Я расскажу одну историю, которая, может быть, уточнит то, что я имею в виду. Однажды в Хельсинки, в университете, меня попросили рассказать в течение одной лекции, академического часа, вкратце, историю подсоветской культуры и искусства. Одним из опорных моментов в моем рассказе был «простой человек». Я сказала, что героем всей этой истории искусства был «простой человек». От художников требовалось писать так, чтобы это понял «простой человек». От музыкантов требовалось писать такие мелодии, которые «простой человек» (то есть не получивший музыкального образования и, возможно, не отягченный особо тонким слухом — иначе он уже не «простой») может с первого раза запомнить и спеть; философ не должен был говорить «заумного», «сумбурного» и «непонятного», как это делали Гераклит, Гегель и другие «несознательные и буржуазные», и так далее, и так далее. Был ли этот «простой человек» реальностью или он был конструкцией? — Это вопрос. Я думаю, изначально он был конструкцией, моделью «нового человека», «человека воспитуемого», но постепенно эта официальная болванка наполнилась содержанием, и мы увидели этого «простого человека» вживе; его «воспитали», ему внушили, что он имеет право требовать, чтобы угождали его невежеству и лени. О, сколько раз я видела «простого человека» в действии! На выставках он писал в книгах отзывов: «Для кого это все выставлено? Простой человек этого понять не может». Он строчил в редакции, он сам стал воспитателем. Да, люди стали такими, какими их хотели видеть. Видимо, это было удобно. Заметьте, как мало говорится о том, какое удобство реальный социализм, во многих отношениях мучительный, предлагал человеку, чем он соблазнял его: возможностью безответственности, свободы от личной вины, свободы от «комплекса неполноценности» перед всем, что превышает его понимание и его опыт. Это прекрасно описал Пауль Тиллих, анализируя тоталитаризм в своем «Мужестве быть». Без согласия среднего человека на режим, без этого добровольного совпадения населения с режимом мы мало что поймем в происшедшем у нас.
Итак, я рассказываю приблизительно так, привожу примеры, говорю о том, что на могилах многих наших художников, убитых сразу или взятых долгим измором, можно написать: «Их убил простой человек». И, пока говорю, вижу: студенты смущаются, ежатся… Потом ко мне подходили преподаватели и благодарили: «Большое вам спасибо! Вот теперь они узнали, что делают». Как выяснилось, хельсинкские студенты подходят к своим профессорам с этим самым требованием: «Пожалуйста, не завышайте задач, не требуйте от нас слишком многого. Не говорите нам слишком сложного и заумного. Мы обычные, простые люди — не требуйте от нас невозможного. Все должно быть для простых людей».

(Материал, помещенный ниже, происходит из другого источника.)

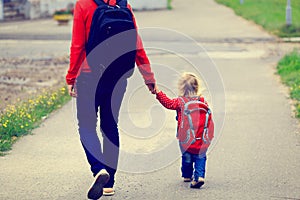 Mother holding hand of little daughter with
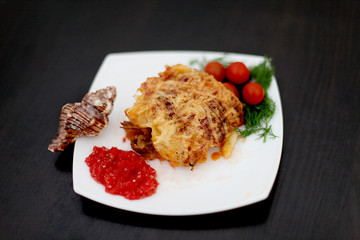 Pork with cheese and tomatoes. Dinner for the family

Финляндия здесь нисколько не исключение. Это совершенно типичная картина. Я встречала европейских редакторов, издателей, которые говорили то, что мы в прежние времена слышали постоянно и надеялись, что это навсегда исчезнет вместе с нашим специфическим режимом: «Наш читатель этого не поймет»; «Мы не должны угнетать читателя завышенной эрудицией, сложностью и т. п.».
Часто в таком разговоре мне приходилось слышать наше родное раздвоение человека на «я» и «мы». То есть человек спокойно излагает собственную позицию: «Я лично этого не люблю, но нам это нужно» — не смущаясь тем, что это позиция клинической шизофрении. Или наоборот: «Я это люблю, но мы этого принять не можем». Так может говорить человек, облеченный огромной властью. Допустим, министр культуры.
Мне приходилось разговаривать с таким человеком. Он устраивал фестиваль поэзии, на который пригласил самого модного немецкого поэта. Все остальные были поэты как поэты, то есть они писали стихи на бумаге, и стихи эти состояли из слов, подобранных лучше или хуже. Самый модный поэт ничего такого не делал. Он обладал исключительной артикуляционной одаренностью: он изображал стихи при помощи одних только звуков, и при этом, как ни странно, можно было узнать, что он изображает. Он объявлял: «Я читаю стихотворение Гете „Горные вершины“» — и дальше начинал издавать весьма странные неиндоевропейские звуки, невероятно смешно, и все каким-то образом понимали, что это именно «Горные вершины». Так он изобразил даже Хлебникова, и я могу свидетельствовать, что это было похоже и очень забавно.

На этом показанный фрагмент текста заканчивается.